**Exercise**
In your reply, repeat every entry exactly and skip over each picture.
(Beginning of Available data)
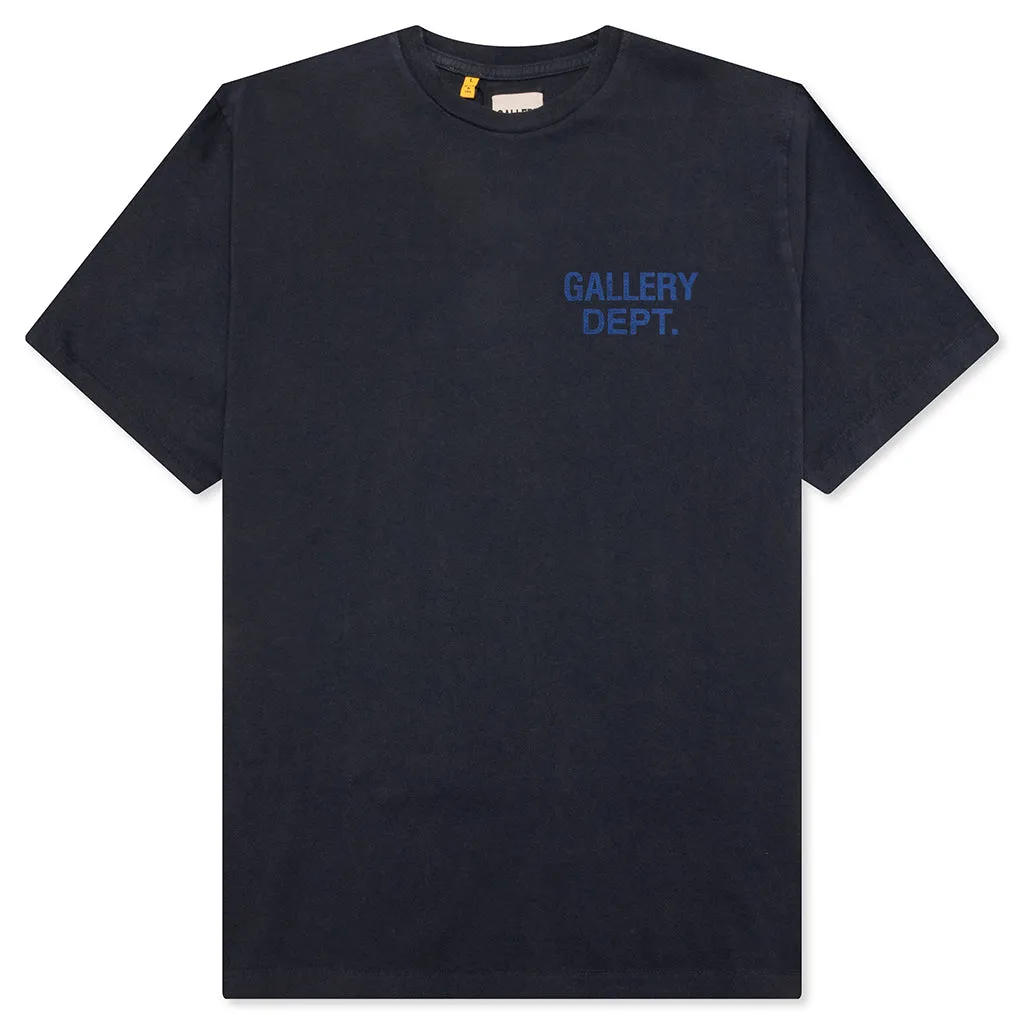 Vintage Souvenir Tee - Washed Black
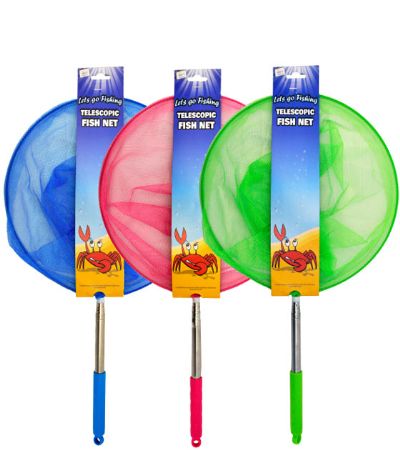 Kids Extending Telescopic Crab/Fishing Net...Assorted Picked At Random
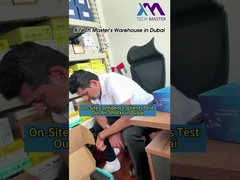 Les clients de Dubaï installent et testent nos amortisseurs pneumatiques sur site.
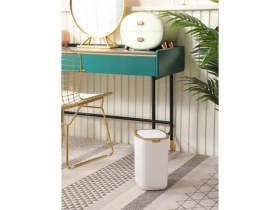 Resim Özbience Çiftli Sensörlü 12L Mutfak ve Banyo Çöp Kovası, Altın Renkli, Hızlı Temizlik 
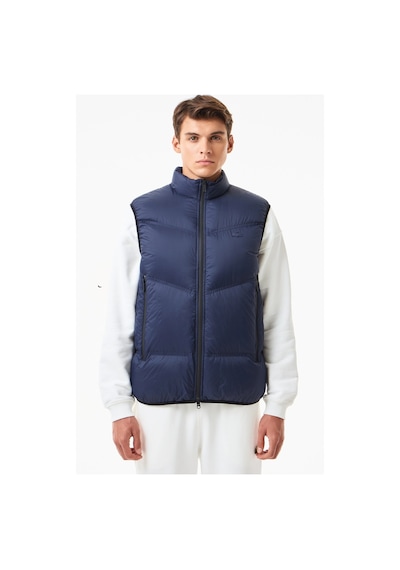 Lacoste Down Fill Mens West Dik Yaka Kaz Tüyü Erkek Yelek Lacivert Lacivert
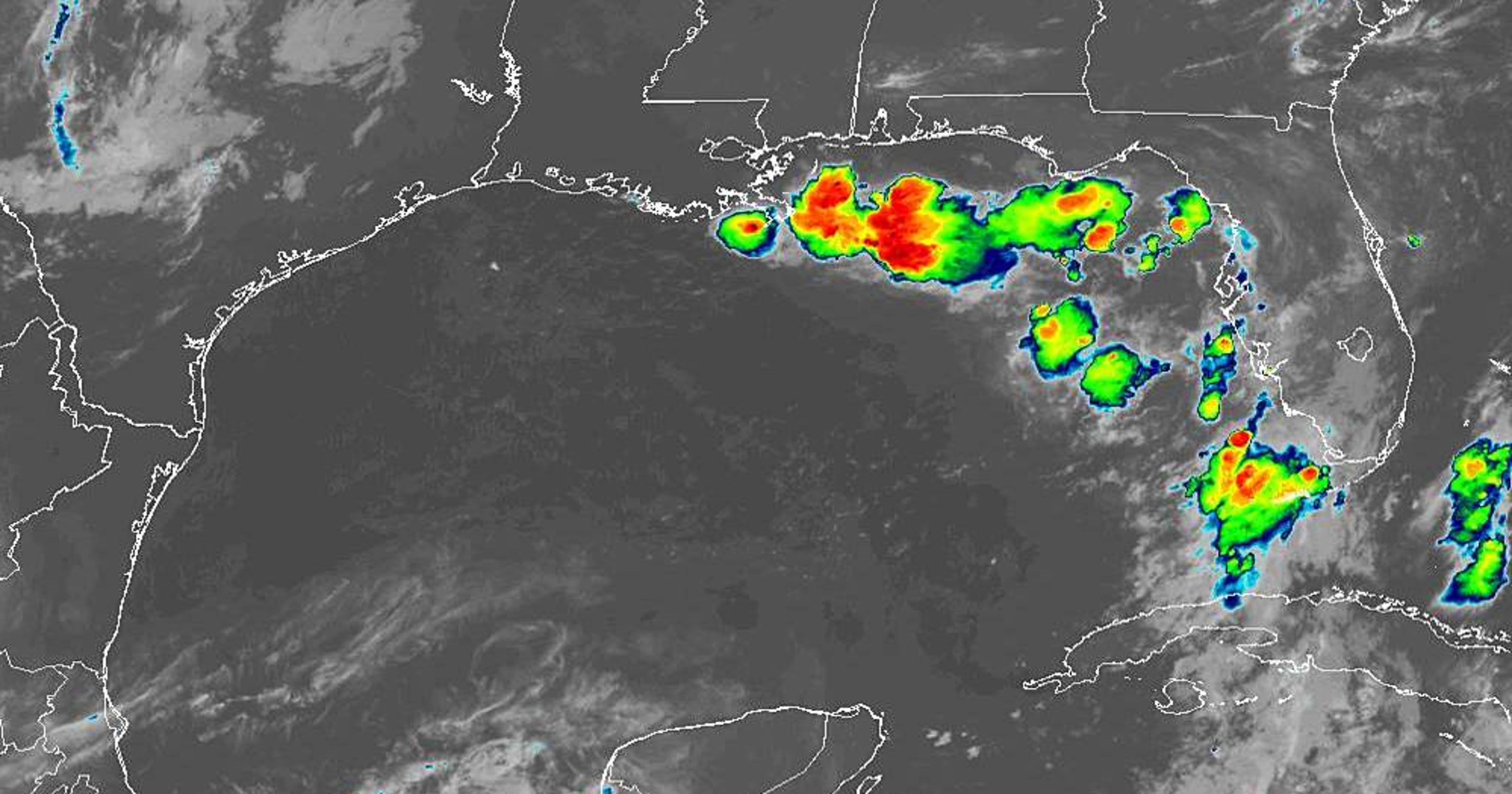 Storm in Gulf of Mexico Track the depression & see its predicted path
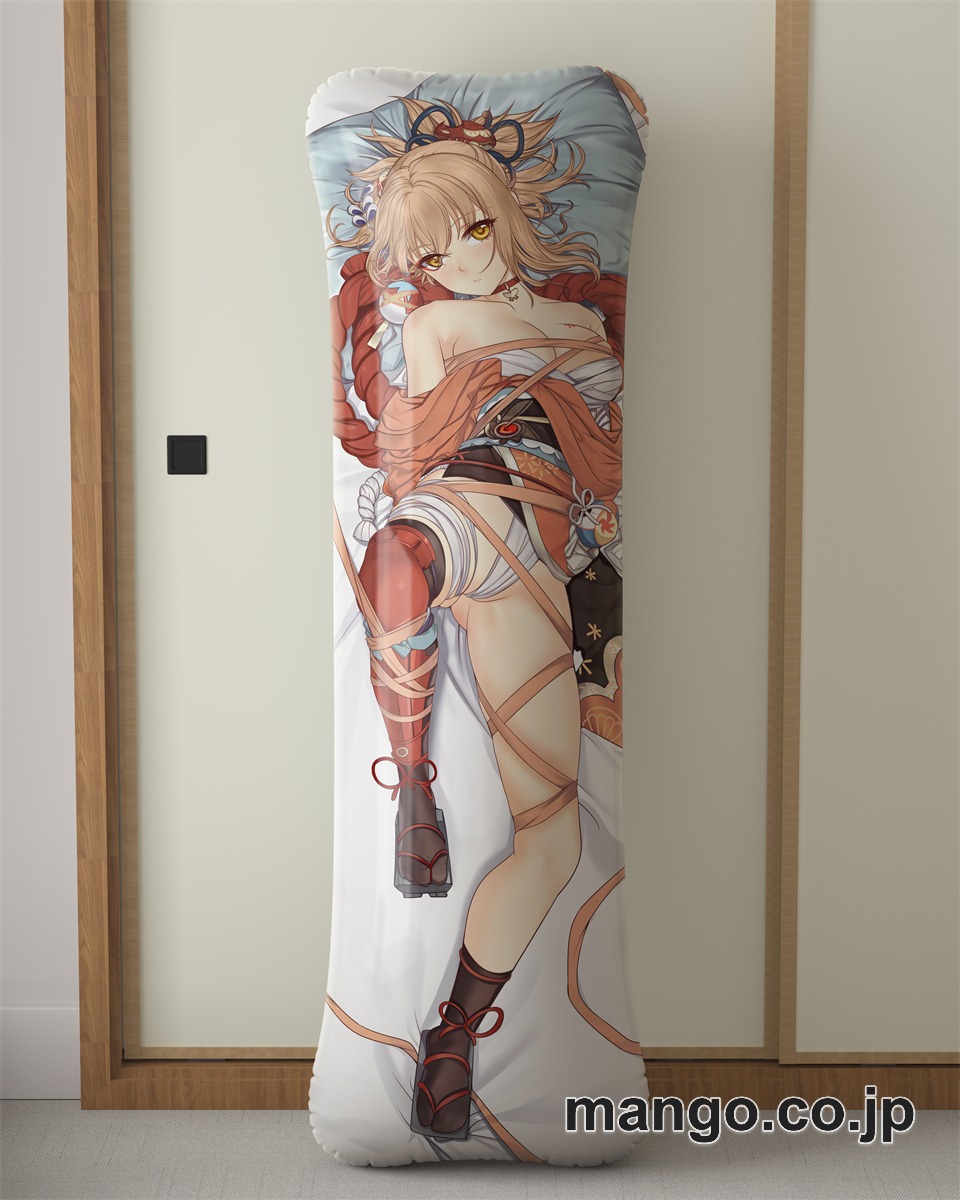 アニメ抱き枕カバー【原神】宵宮大型クッションキャラクターグッズPVC製コレクション用 等身大 抱き枕 空気ビニール製 キャラクターグッズ 2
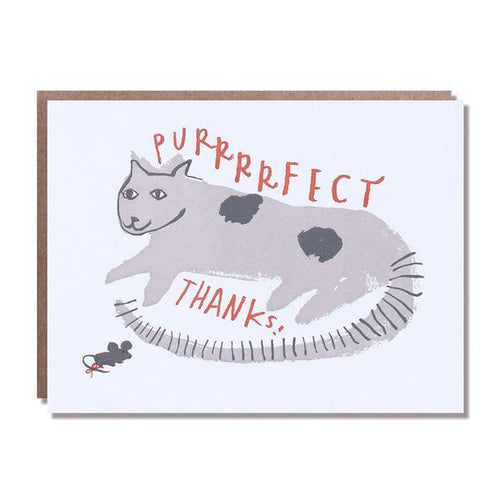 Egg Press Greeting Card Cat Thank You Purrrfect Thanks | Smack Bang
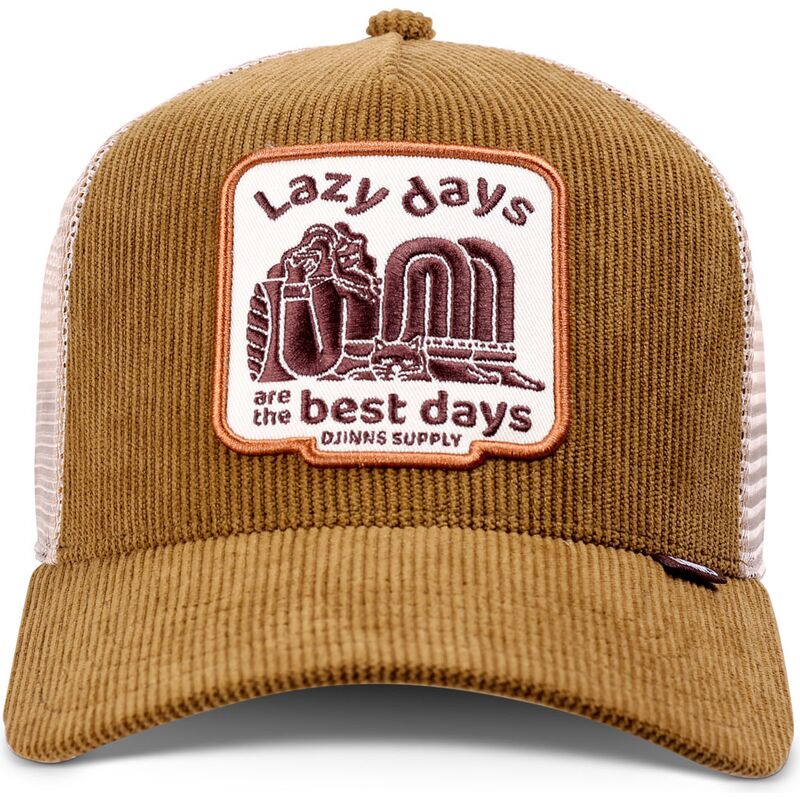 lippikset-kaareva-rekka-ruskea-snapback-hft-lazy-days-djinns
(End of Available data)
**Expected answer**
 Vintage Souvenir Tee - Washed Black
 Kids Extending Telescopic Crab/Fishing Net...Assorted Picked At Random
 Les clients de Dubaï installent et testent nos amortisseurs pneumatiques sur site.
 Resim Özbience Çiftli Sensörlü 12L Mutfak ve Banyo Çöp Kovası, Altın Renkli, Hızlı Temizlik 
 Lacoste Down Fill Mens West Dik Yaka Kaz Tüyü Erkek Yelek Lacivert Lacivert
 Storm in Gulf of Mexico Track the depression & see its predicted path
 アニメ抱き枕カバー【原神】宵宮大型クッションキャラクターグッズPVC製コレクション用 等身大 抱き枕 空気ビニール製 キャラクターグッズ 2
 Egg Press Greeting Card Cat Thank You Purrrfect Thanks | Smack Bang
 lippikset-kaareva-rekka-ruskea-snapback-hft-lazy-days-djinns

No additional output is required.